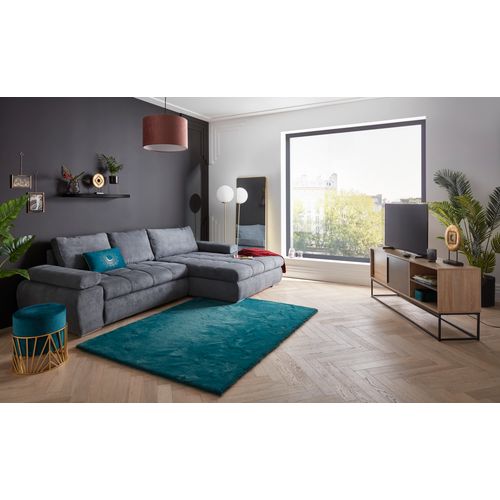 Photophore H12 cm ISIS Violet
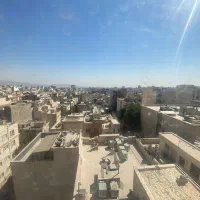 ۱۶۰متر کلنگی دونبش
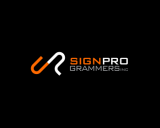 /public/logoimage/1591717238Signpro4.png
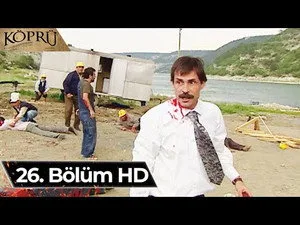 26. Bölüm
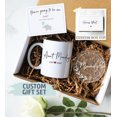 thumbnail image 1 of Personalized Aunt Gift Box - As Picture - 15Oz, 1 of 5
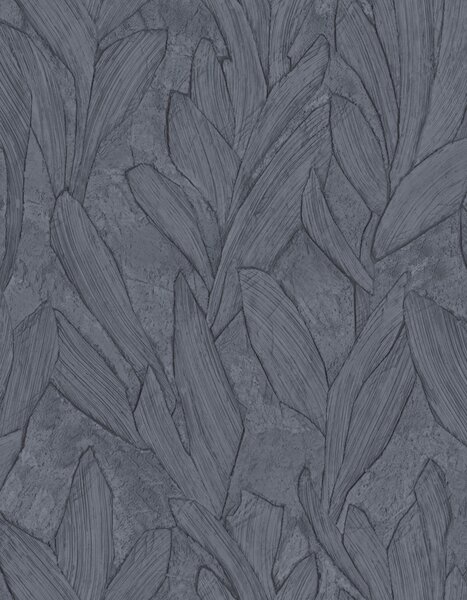 Tapeta 42527, Arte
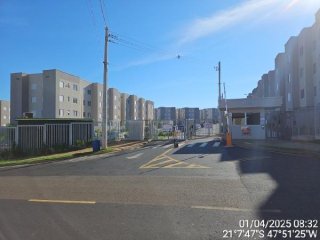 Imagem do imóvel AP99613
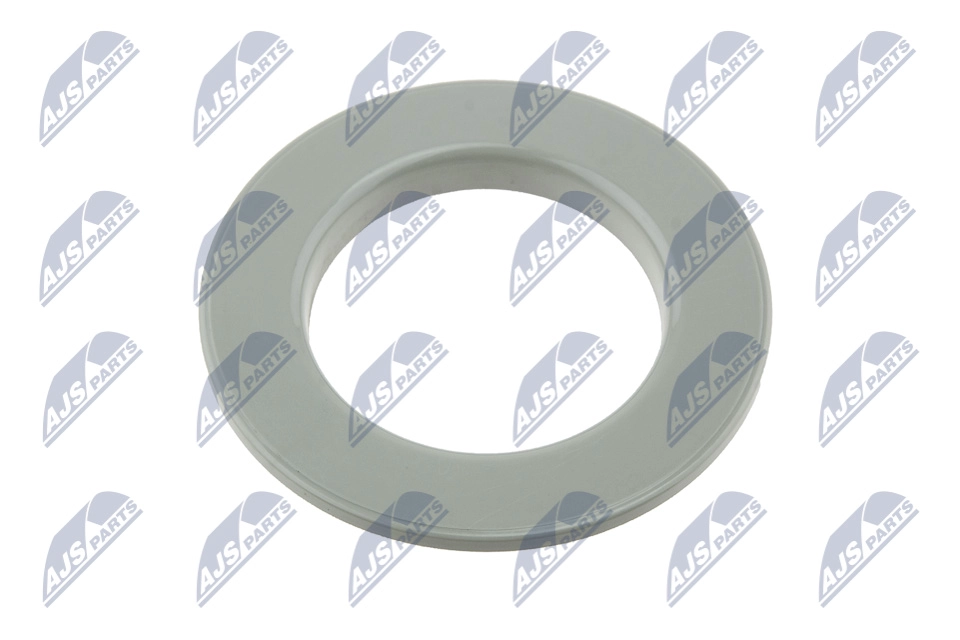 AD-HD-008
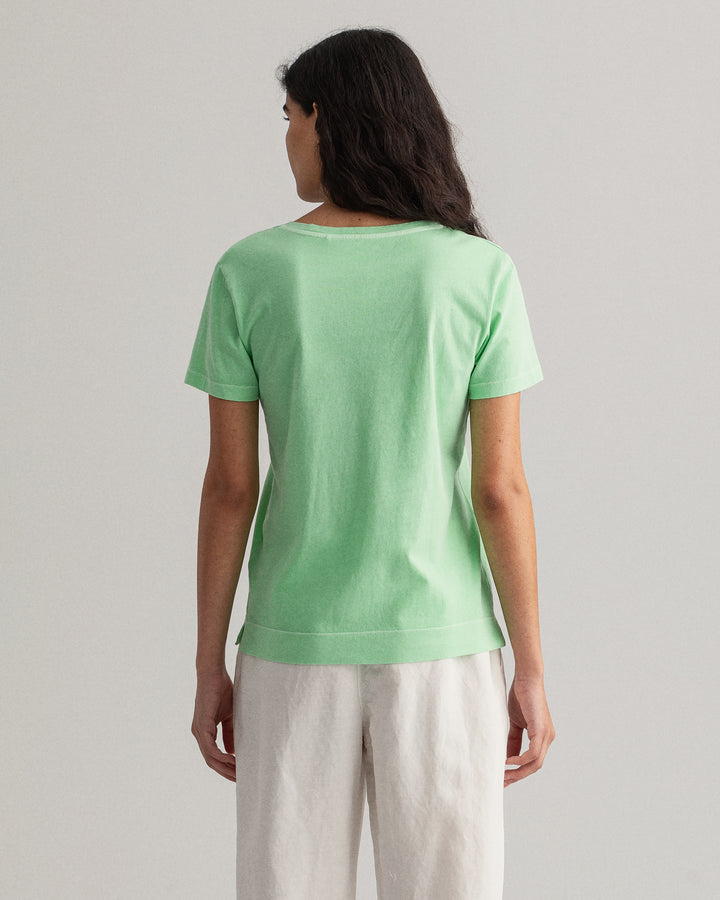 GANT Sunfaded T-Shirt /Majica 4203468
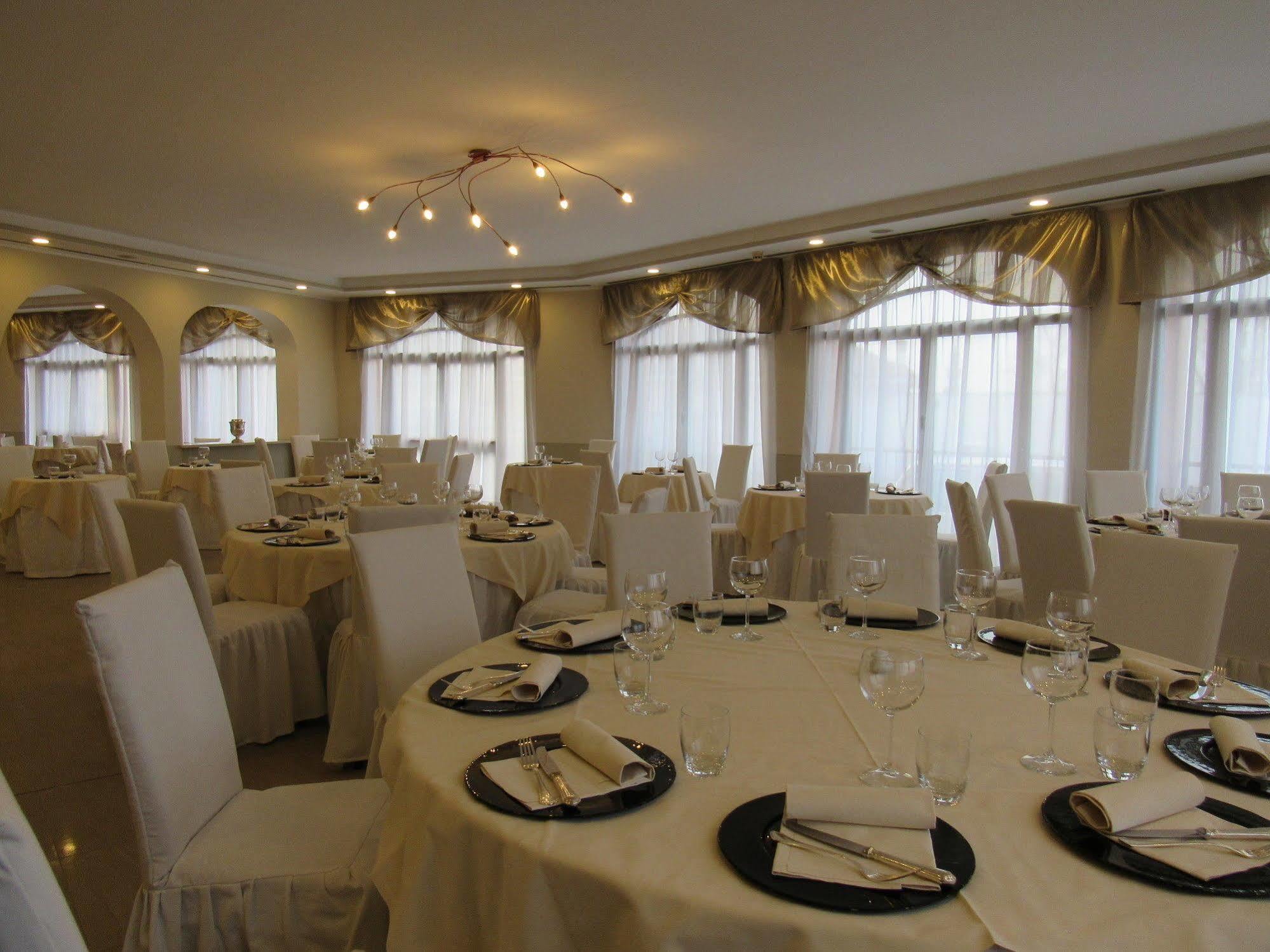 Green Hotel Сетимо Торинезе Екстериор снимка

+++++

• Problem description: Return each record as written, minus its images.

• Answer section:
 Photophore H12 cm ISIS Violet
 ۱۶۰متر کلنگی دونبش
 /public/logoimage/1591717238Signpro4.png
 26. Bölüm
 thumbnail image 1 of Personalized Aunt Gift Box - As Picture - 15Oz, 1 of 5
 Tapeta 42527, Arte
 Imagem do imóvel AP99613
 AD-HD-008
 GANT Sunfaded T-Shirt /Majica 4203468
 Green Hotel Сетимо Торинезе Екстериор снимка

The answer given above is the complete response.